Lower rates = more progressivity., It is sort of like when more guns equals less crime. But I don’t expect you to get it. Lefties don’t understand things like that.

muirgeo March 22, 2011 at 1:49 am

No actually if we had just not gotten rid of the Clinton taxes the $2.6 trillion owed social security could have been paid off, the debt would be closer to $10 trillion instead of $13 trillion and we’d save an additional $3 trillion over the next coming decade.

Oh and dduring that HIGH TAX period we saw the economy ad 20 million new jobs… so yeah I want to go back to that.

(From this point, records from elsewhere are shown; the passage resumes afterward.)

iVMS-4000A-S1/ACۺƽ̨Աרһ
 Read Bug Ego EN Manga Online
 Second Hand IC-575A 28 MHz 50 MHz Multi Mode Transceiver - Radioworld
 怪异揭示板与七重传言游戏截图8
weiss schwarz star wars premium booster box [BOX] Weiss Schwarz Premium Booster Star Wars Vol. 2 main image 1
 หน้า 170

rhhardin March 21, 2011 at 7:43 pm

It seems to me that he’s right.

SS can sell the IOUs it holds to the public to raise that cash, because the government credit rating is better than yours.

Of course that displaces other Treasury borrowing, so it comes down to a matter of sustainability; but that’s not what’s in question here.

You’d have to argue why your credit rating is comparable to the goverment’s credit rating.

vikingvista March 21, 2011 at 8:44 pm

That credit rating (as determined by market bond rates) has nothing to do with compartmentalization of SS assets. The market looks at total Federal government liabilities and revenues. It is as though Congress simply looted and spent all of the SS revenues, and then as an afterthought decided to issue a mass of t-bills to cover its liabilities.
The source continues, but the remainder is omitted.